§ Action item:
How do the lines below between the ones holding "mDesign Fönhalter Wandmontage" and "Breakers 1 2", inclusive, read? Give them again exactly, with no other lines.

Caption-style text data
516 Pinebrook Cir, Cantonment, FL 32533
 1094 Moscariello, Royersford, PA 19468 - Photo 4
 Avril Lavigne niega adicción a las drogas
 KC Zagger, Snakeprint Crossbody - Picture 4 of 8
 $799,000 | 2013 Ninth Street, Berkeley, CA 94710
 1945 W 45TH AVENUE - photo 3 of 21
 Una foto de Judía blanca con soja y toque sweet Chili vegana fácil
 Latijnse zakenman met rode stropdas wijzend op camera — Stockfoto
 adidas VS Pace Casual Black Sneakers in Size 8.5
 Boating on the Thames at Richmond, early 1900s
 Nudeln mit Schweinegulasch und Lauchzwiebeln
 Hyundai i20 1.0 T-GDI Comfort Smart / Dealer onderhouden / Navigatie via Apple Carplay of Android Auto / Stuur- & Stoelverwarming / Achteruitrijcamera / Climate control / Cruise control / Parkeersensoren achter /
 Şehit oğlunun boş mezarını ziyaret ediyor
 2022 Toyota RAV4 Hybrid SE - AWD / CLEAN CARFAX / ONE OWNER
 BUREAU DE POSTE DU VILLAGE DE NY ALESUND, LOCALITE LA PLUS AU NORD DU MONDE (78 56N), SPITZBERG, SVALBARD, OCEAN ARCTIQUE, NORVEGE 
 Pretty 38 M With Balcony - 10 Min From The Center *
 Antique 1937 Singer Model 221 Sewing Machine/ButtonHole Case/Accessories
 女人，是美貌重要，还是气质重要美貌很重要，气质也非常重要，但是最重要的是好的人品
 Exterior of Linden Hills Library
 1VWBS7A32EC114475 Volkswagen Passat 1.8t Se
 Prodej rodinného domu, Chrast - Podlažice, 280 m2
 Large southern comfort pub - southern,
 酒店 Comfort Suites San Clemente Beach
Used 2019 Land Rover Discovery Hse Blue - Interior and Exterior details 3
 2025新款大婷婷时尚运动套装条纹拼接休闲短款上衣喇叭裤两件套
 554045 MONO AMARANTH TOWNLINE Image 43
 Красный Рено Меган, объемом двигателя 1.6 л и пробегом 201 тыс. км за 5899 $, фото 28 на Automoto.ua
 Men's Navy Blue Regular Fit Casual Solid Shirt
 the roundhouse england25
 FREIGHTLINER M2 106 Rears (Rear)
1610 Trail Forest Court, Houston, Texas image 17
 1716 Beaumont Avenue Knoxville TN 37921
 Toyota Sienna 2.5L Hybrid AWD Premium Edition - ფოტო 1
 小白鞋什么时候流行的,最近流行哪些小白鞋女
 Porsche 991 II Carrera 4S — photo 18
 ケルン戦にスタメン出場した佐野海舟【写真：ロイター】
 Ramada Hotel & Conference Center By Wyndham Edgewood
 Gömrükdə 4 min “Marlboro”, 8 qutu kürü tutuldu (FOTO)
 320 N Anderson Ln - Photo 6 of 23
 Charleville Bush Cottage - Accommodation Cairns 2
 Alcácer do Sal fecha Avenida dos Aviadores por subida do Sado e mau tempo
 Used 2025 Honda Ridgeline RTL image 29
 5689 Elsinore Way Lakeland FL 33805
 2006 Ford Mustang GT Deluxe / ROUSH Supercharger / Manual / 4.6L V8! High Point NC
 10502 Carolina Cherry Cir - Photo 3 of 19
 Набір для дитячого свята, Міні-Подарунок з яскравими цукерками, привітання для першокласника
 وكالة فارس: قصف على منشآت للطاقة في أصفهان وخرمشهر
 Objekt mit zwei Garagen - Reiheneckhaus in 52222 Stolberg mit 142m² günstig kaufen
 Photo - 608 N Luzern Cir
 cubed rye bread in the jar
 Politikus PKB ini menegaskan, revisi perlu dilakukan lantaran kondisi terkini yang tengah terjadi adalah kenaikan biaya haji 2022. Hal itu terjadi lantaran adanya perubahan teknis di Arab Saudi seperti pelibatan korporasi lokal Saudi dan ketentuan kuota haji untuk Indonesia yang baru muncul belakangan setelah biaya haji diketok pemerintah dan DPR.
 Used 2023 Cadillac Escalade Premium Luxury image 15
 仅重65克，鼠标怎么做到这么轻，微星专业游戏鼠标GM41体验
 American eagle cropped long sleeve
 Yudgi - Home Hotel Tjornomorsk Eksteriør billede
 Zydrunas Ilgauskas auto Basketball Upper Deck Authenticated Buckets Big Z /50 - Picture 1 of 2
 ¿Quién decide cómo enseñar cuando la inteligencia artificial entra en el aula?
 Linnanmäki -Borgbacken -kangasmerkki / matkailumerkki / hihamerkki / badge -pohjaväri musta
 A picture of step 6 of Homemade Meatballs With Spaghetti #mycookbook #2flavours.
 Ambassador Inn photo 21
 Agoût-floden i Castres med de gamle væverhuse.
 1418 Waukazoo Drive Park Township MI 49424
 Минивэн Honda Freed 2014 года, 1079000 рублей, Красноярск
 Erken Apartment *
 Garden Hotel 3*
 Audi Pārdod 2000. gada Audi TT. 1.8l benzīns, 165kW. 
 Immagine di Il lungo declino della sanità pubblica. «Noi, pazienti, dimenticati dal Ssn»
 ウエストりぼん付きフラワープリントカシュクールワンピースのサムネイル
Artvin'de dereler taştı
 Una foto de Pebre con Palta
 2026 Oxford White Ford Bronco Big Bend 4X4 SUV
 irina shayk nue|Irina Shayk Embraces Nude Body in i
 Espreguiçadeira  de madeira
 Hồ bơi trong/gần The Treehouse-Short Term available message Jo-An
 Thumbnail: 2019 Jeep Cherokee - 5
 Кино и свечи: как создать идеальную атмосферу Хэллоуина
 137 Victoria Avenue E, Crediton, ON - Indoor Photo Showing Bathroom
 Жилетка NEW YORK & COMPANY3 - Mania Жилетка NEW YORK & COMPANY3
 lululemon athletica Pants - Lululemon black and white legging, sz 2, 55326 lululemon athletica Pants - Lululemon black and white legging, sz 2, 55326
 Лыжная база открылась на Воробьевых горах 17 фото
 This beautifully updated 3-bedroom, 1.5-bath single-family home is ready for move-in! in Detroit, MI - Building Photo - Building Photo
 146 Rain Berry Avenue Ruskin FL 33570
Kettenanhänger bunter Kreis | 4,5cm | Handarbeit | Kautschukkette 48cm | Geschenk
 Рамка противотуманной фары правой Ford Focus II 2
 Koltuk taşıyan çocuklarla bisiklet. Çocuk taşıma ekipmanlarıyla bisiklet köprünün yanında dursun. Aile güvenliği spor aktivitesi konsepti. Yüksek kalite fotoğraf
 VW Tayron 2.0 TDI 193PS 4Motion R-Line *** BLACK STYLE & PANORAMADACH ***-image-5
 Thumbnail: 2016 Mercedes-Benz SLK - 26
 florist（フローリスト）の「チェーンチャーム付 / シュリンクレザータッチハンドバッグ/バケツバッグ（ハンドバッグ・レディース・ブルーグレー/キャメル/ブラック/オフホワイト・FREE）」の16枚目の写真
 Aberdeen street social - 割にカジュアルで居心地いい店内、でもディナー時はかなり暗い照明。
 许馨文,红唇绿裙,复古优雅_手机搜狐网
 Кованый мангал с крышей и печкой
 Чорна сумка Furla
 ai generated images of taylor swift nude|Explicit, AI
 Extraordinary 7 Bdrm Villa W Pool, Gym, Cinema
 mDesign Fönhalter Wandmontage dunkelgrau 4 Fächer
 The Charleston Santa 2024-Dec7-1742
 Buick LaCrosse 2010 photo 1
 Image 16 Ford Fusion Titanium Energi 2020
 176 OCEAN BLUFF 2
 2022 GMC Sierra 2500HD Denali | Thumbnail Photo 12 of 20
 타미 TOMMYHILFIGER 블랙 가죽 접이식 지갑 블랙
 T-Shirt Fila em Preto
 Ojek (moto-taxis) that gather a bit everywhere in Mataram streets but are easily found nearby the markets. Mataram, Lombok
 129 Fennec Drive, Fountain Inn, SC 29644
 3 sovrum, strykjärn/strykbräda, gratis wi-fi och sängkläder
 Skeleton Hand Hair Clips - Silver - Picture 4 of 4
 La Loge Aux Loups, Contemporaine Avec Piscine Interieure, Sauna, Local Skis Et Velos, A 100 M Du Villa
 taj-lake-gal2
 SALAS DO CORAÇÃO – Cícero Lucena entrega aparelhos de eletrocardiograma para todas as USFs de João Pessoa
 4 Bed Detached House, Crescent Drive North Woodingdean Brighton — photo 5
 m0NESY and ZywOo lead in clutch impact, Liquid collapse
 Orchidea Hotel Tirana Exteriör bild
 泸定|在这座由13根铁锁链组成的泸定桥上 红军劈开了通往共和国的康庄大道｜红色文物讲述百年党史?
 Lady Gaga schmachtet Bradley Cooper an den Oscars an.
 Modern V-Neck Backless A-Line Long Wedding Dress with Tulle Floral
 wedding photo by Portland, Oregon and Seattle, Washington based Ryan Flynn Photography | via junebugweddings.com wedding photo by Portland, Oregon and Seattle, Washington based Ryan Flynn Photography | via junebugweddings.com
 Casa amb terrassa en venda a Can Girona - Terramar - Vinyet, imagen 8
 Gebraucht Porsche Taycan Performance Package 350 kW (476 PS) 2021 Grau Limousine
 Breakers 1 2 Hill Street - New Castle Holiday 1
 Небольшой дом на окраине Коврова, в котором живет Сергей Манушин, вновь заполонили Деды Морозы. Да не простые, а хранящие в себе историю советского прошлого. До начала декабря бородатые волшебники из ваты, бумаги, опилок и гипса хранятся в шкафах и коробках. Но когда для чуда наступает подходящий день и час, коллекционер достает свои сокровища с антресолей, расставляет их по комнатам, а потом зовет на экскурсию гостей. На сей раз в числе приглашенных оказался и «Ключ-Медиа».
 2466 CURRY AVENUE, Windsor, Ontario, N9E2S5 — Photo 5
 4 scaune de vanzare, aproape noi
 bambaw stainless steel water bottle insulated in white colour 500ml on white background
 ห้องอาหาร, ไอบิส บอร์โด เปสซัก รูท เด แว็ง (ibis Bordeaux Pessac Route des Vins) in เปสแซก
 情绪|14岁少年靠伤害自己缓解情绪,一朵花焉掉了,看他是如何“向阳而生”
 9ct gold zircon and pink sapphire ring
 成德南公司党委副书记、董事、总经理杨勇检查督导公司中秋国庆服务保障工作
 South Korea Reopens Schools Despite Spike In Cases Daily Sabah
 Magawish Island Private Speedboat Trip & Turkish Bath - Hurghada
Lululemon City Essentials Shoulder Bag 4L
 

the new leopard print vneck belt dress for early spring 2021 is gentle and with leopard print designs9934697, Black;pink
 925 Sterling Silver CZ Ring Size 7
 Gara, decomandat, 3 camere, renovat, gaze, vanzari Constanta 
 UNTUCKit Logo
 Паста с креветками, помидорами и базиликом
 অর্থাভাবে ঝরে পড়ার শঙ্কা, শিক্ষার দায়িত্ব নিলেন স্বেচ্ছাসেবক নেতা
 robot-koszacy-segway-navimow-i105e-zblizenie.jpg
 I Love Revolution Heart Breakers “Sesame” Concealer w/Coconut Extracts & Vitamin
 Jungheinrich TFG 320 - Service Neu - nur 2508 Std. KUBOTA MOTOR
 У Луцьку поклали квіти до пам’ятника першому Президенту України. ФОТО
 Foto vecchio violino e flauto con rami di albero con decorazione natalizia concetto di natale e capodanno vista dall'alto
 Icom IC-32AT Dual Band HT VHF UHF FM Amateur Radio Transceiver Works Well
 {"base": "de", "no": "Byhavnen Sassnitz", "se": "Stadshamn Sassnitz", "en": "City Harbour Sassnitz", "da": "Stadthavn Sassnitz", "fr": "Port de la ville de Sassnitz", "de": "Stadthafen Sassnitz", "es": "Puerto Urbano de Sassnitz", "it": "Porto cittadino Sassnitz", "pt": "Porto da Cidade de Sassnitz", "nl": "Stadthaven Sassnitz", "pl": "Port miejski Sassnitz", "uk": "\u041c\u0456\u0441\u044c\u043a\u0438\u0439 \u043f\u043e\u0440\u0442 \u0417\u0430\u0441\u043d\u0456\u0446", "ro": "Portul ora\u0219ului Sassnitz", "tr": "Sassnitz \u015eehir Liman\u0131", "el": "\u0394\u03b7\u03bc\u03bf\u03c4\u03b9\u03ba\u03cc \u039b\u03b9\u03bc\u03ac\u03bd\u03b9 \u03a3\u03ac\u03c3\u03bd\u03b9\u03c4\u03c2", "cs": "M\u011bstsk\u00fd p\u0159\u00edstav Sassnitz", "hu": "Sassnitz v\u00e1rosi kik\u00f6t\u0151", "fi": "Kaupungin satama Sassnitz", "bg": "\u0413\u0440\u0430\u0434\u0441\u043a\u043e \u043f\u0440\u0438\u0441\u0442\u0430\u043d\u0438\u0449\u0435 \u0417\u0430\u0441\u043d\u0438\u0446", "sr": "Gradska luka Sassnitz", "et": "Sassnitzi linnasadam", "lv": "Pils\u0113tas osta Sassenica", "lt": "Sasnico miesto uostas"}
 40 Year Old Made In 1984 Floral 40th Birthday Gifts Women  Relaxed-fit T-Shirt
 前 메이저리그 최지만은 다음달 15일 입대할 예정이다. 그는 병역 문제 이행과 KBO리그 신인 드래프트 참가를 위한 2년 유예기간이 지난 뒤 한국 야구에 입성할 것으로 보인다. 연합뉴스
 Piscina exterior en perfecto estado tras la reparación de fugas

§ Result for this task:
 mDesign Fönhalter Wandmontage dunkelgrau 4 Fächer
 The Charleston Santa 2024-Dec7-1742
 Buick LaCrosse 2010 photo 1
 Image 16 Ford Fusion Titanium Energi 2020
 176 OCEAN BLUFF 2
 2022 GMC Sierra 2500HD Denali | Thumbnail Photo 12 of 20
 타미 TOMMYHILFIGER 블랙 가죽 접이식 지갑 블랙
 T-Shirt Fila em Preto
 Ojek (moto-taxis) that gather a bit everywhere in Mataram streets but are easily found nearby the markets. Mataram, Lombok
 129 Fennec Drive, Fountain Inn, SC 29644
 3 sovrum, strykjärn/strykbräda, gratis wi-fi och sängkläder
 Skeleton Hand Hair Clips - Silver - Picture 4 of 4
 La Loge Aux Loups, Contemporaine Avec Piscine Interieure, Sauna, Local Skis Et Velos, A 100 M Du Villa
 taj-lake-gal2
 SALAS DO CORAÇÃO – Cícero Lucena entrega aparelhos de eletrocardiograma para todas as USFs de João Pessoa
 4 Bed Detached House, Crescent Drive North Woodingdean Brighton — photo 5
 m0NESY and ZywOo lead in clutch impact, Liquid collapse
 Orchidea Hotel Tirana Exteriör bild
 泸定|在这座由13根铁锁链组成的泸定桥上 红军劈开了通往共和国的康庄大道｜红色文物讲述百年党史?
 Lady Gaga schmachtet Bradley Cooper an den Oscars an.
 Modern V-Neck Backless A-Line Long Wedding Dress with Tulle Floral
 wedding photo by Portland, Oregon and Seattle, Washington based Ryan Flynn Photography | via junebugweddings.com wedding photo by Portland, Oregon and Seattle, Washington based Ryan Flynn Photography | via junebugweddings.com
 Casa amb terrassa en venda a Can Girona - Terramar - Vinyet, imagen 8
 Gebraucht Porsche Taycan Performance Package 350 kW (476 PS) 2021 Grau Limousine
 Breakers 1 2 Hill Street - New Castle Holiday 1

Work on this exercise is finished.